In this case, the VISOC device is programmed following the flow of operations required to count the persons.

The VISOC device is coupled with a set of high luminosity laser modules or LED, with a wave length in the portion of the spectrum of the near infrared (from 700 nm to 1 100 nm) which ensures a correct and stable functioning of the device even in conditions of poor or zero lighting.

Modifications and variants may be made to the device and method for counting persons based on three-dimensional vision by means of time of flight as described heretofore, without departing from the field of the invention as defined by the attached claims.

Claims

1. Electro-optical device for counting persons or other, characterized in that it comprises at least a unit for the acquisition (1 1) of three-dimensional images by means of the indirect measurement of the time of flight of light impulses emitted towards said persons, or other, to be counted, at least a unit for the emission (12) of said light impulses, and at least a processing unit (13) able to process said three-dimensional images detected by said acquisition unit (1 1), in order to count the persons present in the field of vision of said acquisition unit (11) and to determine the directions of the streams of movement of said persons.

2. Device as in claim 1, characterized in that said acquisition unit (11) of three- dimensional images comprises at least an optical sensor (16) able to convert the luminous radiation of the image detected into an electric signal, and an optical system able to project onto the at least one optical sensor (16) the image of the same zone of space illuminated by said light impulses, so as to be able to extract from said three-dimensional images the information on the three-dimensional profile of the objects present.

3. Device as in claim 2, characterized in that said optical sensor (16) consists of a matrix of photo-sensitive elements.

4. Device as in claim 1, characterized in that said processing unit (13) comprises a neural network able to discriminate and classify the three-dimensional profiles obtained by processing said three-dimensional images.

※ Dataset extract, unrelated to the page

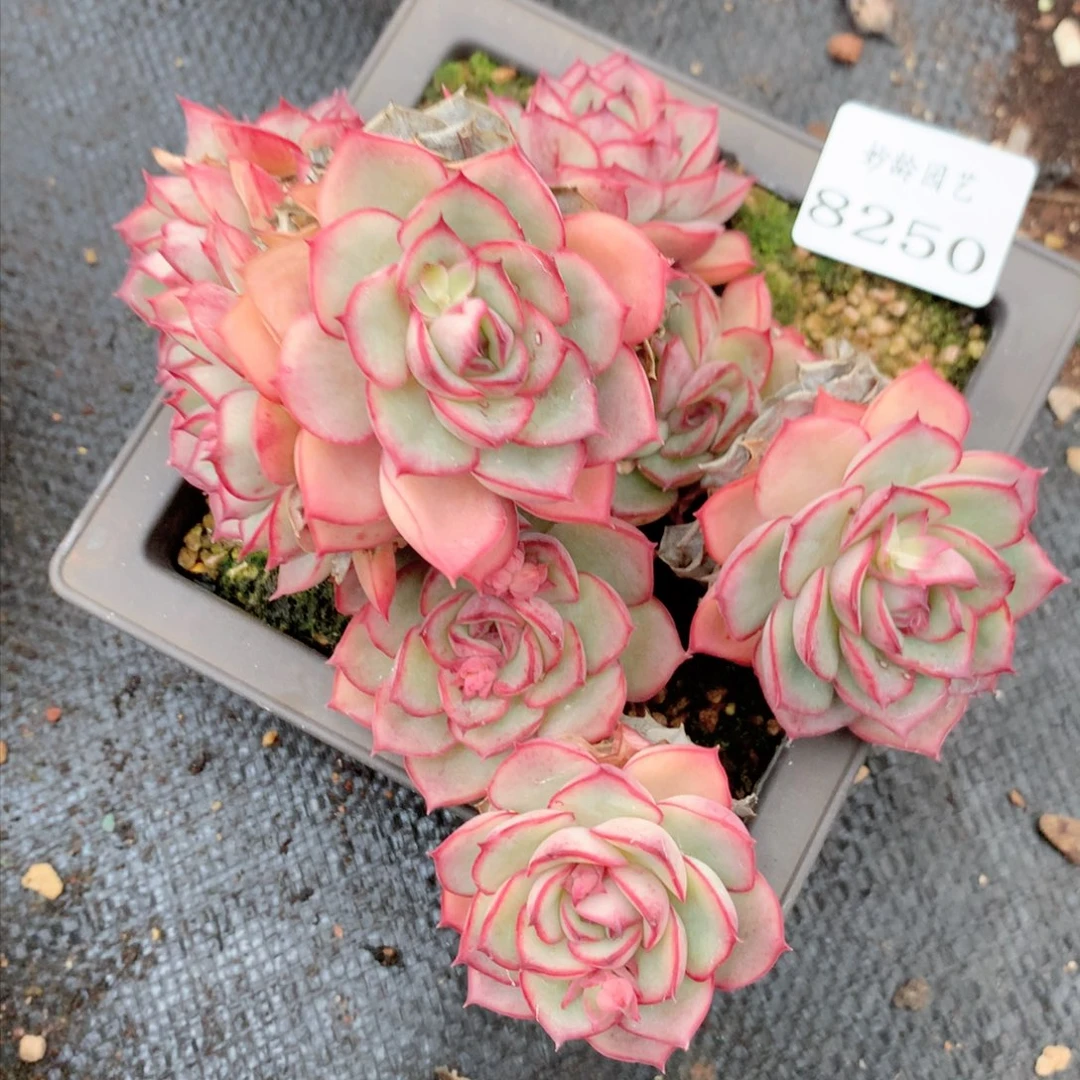 有****望8250不包整散掉头特价处理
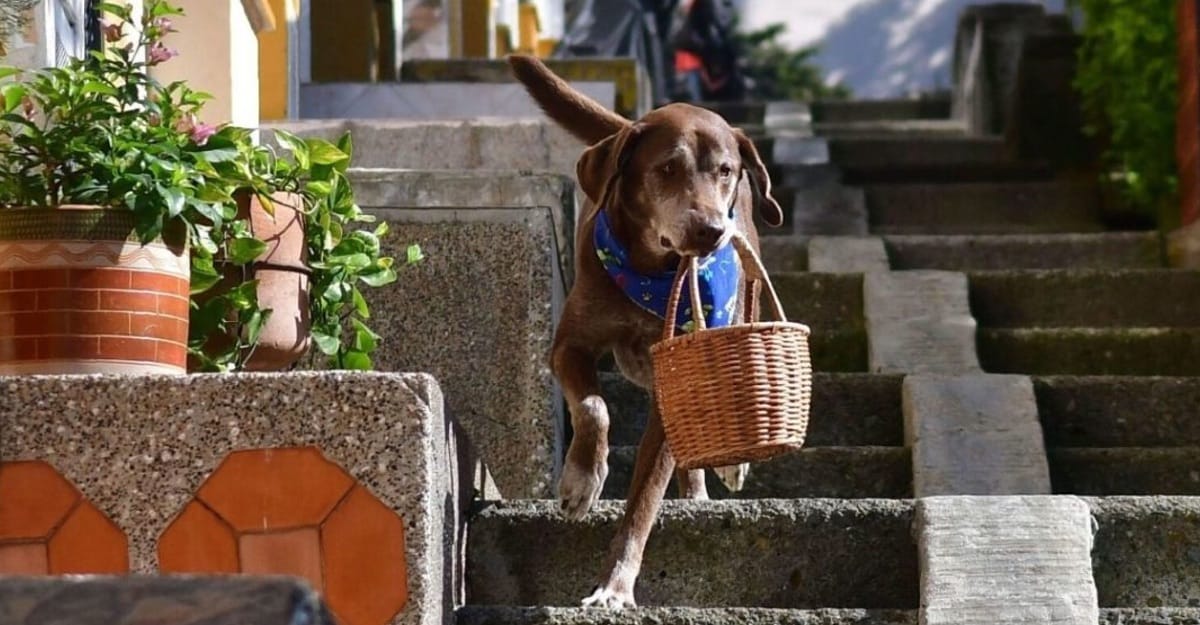 Asaltan a perrito repartidor que entregaba canastas a sus vecinos en medio de la pandemia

5. Device as in claim 4, characterized in that said neural network is implemented in software mode.

6. Device as in claim 4, characterized in that said neural network is implemented in hardware mode.

7. Device as in claim 1, characterized in that it comprises at least a unit (15) suitable for communication between the device and the outside.

8. Device as in any claim from 2 to 7, characterized in that said at least one optical sensor (16), said processing unit (13) and said communication unit (15) with the outside are integrated on a single silicon support made using CMOS technology.

9. Device as in any claim hereinbefore, characterized in that it is inter-connected with a plurality of devices of the same type so as to allow to control the stream of persons through a mating plurality of passages (20).

10. Device as in any claim hereinbefore, characterized in that it is able to be associated with means for the recognition of the person obtained by means of techniques to identify the face of the person, and/or the voice of the person.

1 1. Method to count persons using the device as in any claim hereinbefore, characterized in that it comprises at least a first step to acquire a three- dimensional image of objects present in a detection area (20) by means of the indirect measurement of the time of flight of determinate light impulses emitted towards said persons to be counted, and a second step to discriminate and count the persons present in said detection area, and to detect the directions of the streams of movement of said persons.

12. Method as in claim 11, characterized in that it comprises a step to verify the passage of said persons through determinate thresholds.

13. Method as in claim 11 or 12 characterized in that at least said step of discrimination and counting is carried out by a neural network.